夏露斜睨他一眼:“万一你又不自在了……”
“也,也不是特别不自在。”戴誉磕绊了一下, 才善解人意地说, “你还是带上小丁吧,要是何大夫问起来, 你就说是跟小丁看的话剧。”
夏露哼笑出声:“居然连让我怎么撒谎都想好了!”
戴誉辩白道:“本来就是跟小丁一起看的, 怎么能算撒谎呢!”
估摸着对方其实是不乐意让方桥加入, 戴誉跟她交了底:“这话剧票本就是我朋友给的, 他提出一起去看的请求, 我不好推拒。”
“我看你整天学习怪辛苦的, 偶尔也要出来放松一下嘛!”他苦巴巴地说,“你要是不想跟我一起去,那我一会儿把票给你, 让小丁陪你去看也行……”
说得他自己都快委屈得掉眼泪了!
围巾后面, 夏露唇角的弧度瞬间拉平, 她拧着眉问:“那你呢?”
“我就回家歇着呗, 反正难得有个周末, 能在家休息也挺好的。”戴誉满不在乎地说,“反正我只是想让你在课余时间放松放松, 有人陪你去我就放心了……”
话虽说得大气, 可是语气神态都在明明白白地告诉对方——我在强装无所谓, 只是打算独自饮下这杯苦酒。
夏露看他那蔫巴巴的样,明知他多半又是装的, 还是心软地开口道:“我得先去问问丁文婷,才能答复你!”

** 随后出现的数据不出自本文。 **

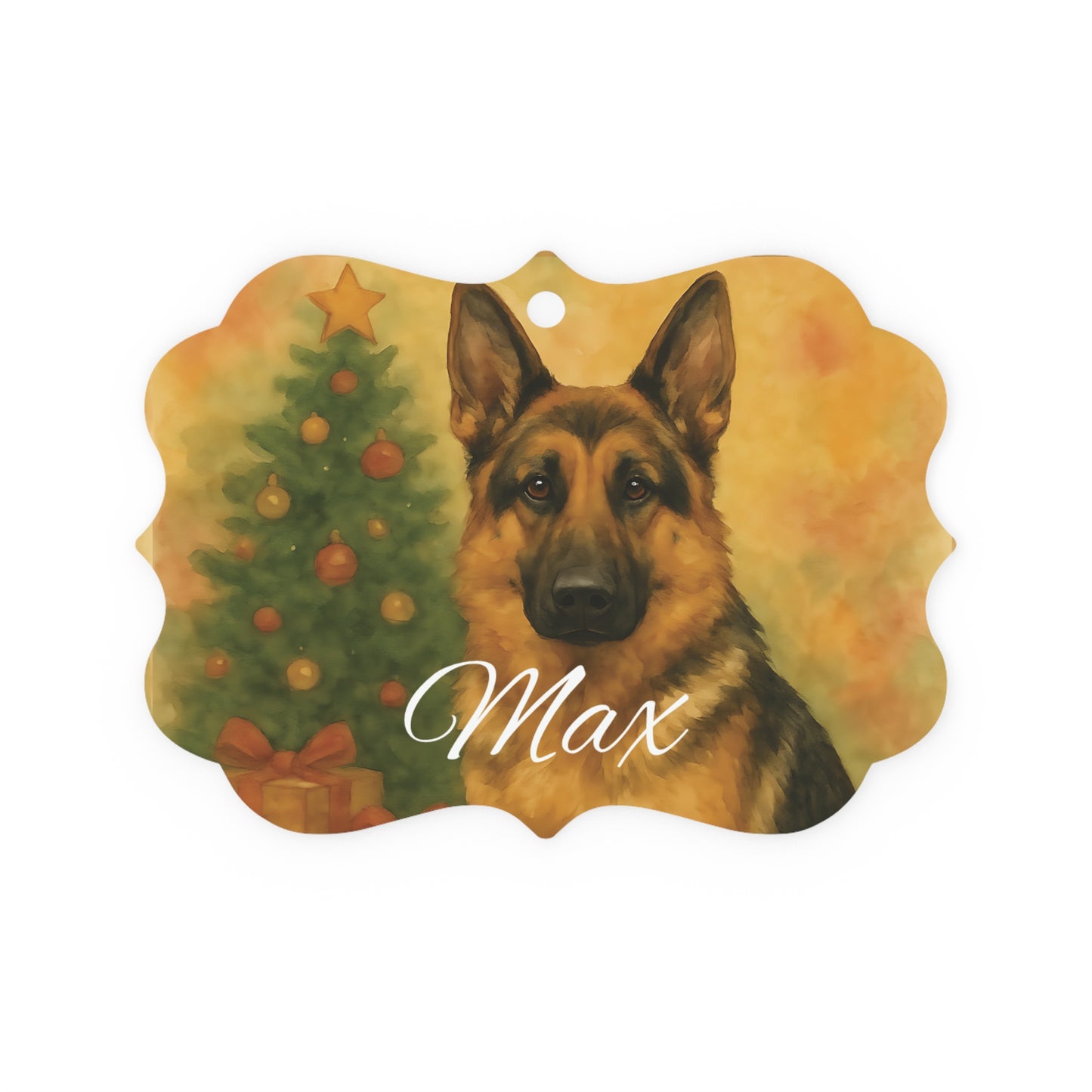 Festive German Shepherd Tree Ornament, A beautifully designed piece, it stands out among festive ornaments, honoring the noble german shepherd dog in style.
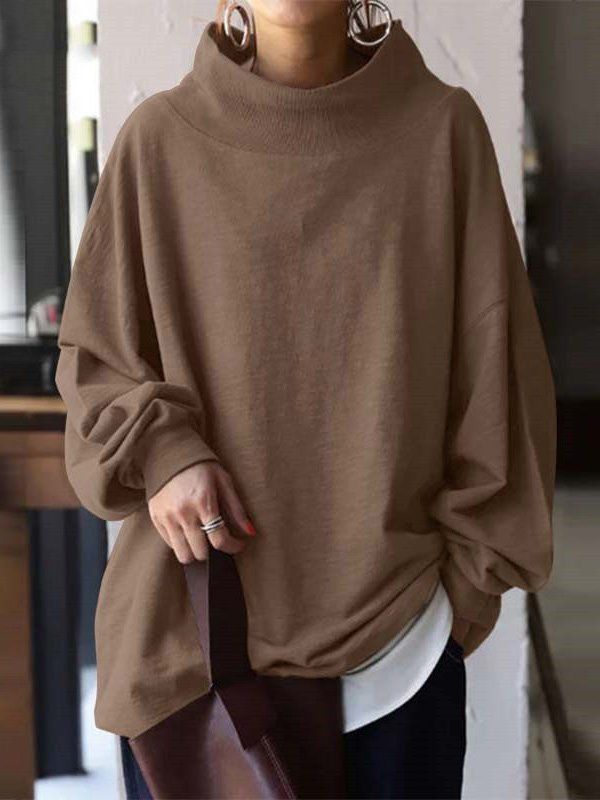 Loose Solid Color Pullover Sweatshirt How To Draw Hoodies, How To Fold Hoodies, Custom Hoodies Ideas, High Neck Pullover, Hoodies Aesthetic, Matching Hoodies, Pullover Mode, Winter Pullover, Cool Hoodies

丁文婷本就与戴誉半生不熟的,再来一个完全陌生的男同志随行,恐怕她不会愿意。
戴誉在心里比个“耶”,苦肉计果然屡试不爽!
这时候的娱乐活动匮乏,看电影都是奢侈享受,何况是看话剧呢。
别管那小丁乐不乐意见到他和方桥,但是话剧的诱惑肯定是抵挡不住的。
他忙咧着嘴点头:“你去问吧!”
见他瞬间又支棱了起来,夏露给他泼冷水:“你可别高兴得太早,若是丁文婷不同意,就只能委屈你了,到时候我跟丁文婷一起去看。”
“那不能,小丁不是那么不懂事的同志。”戴誉十分自信地摆摆手。
想了想又补充,“你别忘了跟小丁介绍一下我那个朋友。他名叫方桥,跟我一样是个光棍,也在咱们机械厂大院住。家事清白,没有不良嗜好,在啤酒厂工作得也很不错,积极上进,最近刚从车间调去了财务科工作。”
夏露没好气道:“就知道你没安好心!交代得那么详细做什么!大家一起看书学习可以,其他的事你想都不要想!”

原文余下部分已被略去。